In early July, when I met Inês Neto dos Santos (who you will meet in another piece), I crossed paths with Karen. She was hosting Illustration School at the design research centre Shared Institute and Inês, who was one of the tutors of this year’s edition, was cooking in the kitchen.
I thought to myself: this is exactly what Alento is about! People sharing spaces, their food, and their time with others. Congregating around a table, sharing rather than dividing. So much of the cooking process involves separating, splitting, cutting, removing. And yet, the result of cooking is quite the opposite: it brings people together.
From the balcony overlooking the patio where the Illustration School was taking place, I peeked through the leaves of the fig tree, and I watched Lexi Smith kneading bread with the participants. A communal table, a few jars of flour, and sticky dough in everyone’s hands. They discussed how bread is not only sustenance, but that it is also a political tool.

I spent a few mornings and afternoons in the company of the tutors and participants. Curiously enough, this year the group was exclusively women, all from different parts of the globe. I spoke to a few in private, listening to what motivated them to apply to Illustration School. Most of them mentioned feeling uninspired with their jobs, or needing a break from their daily routine, or even yearning for a hands-on approach instead of our mainly digital one.

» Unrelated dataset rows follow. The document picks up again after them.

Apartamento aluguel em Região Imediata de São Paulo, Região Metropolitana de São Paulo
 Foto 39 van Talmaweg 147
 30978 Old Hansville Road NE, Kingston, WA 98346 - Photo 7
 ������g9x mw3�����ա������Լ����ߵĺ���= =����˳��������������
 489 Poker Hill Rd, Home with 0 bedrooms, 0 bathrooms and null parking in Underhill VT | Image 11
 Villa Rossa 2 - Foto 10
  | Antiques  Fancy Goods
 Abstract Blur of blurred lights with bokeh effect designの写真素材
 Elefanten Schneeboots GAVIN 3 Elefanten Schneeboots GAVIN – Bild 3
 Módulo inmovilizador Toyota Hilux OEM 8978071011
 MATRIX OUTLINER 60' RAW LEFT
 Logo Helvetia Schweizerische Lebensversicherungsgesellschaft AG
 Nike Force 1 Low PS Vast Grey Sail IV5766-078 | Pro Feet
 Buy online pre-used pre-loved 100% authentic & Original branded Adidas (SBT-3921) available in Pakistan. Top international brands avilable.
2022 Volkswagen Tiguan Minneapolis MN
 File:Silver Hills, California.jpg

On a Thursday morning, tutors and participants had a brainstorming session to collect the stories and objects they had gathered over the week, some of which they related to on an emotional level. One girl, whose name I can’t seem to remember, shared her surprise and excitement when she saw a lemon tree for the first time. In her home country of Romania, lemons and oranges are not locally grown, but they are part of several Christmas recipes that people make during the holidays. We then discussed the legitimacy of the term ‘local’ and what it actually means: is it something like Portuguese lemons growing in people’s backyards? Or could it be the imported lemons needed for the holiday sweets that every single household will have on their Christmas table in Romania? Discussing the physical implications of ‘local’, versus its historical and emotional dimensions led to an open discussion about the current vocabulary used in food.
Then, someone wrote this little three-word sentence: ‘Perfecting the perfect’ and it struck me how much of a metaphor food was for our everyday lives. Our relationship with it, how much thought we put into it, an obsession, a soothing companion, or simply, a necessity and nothing else.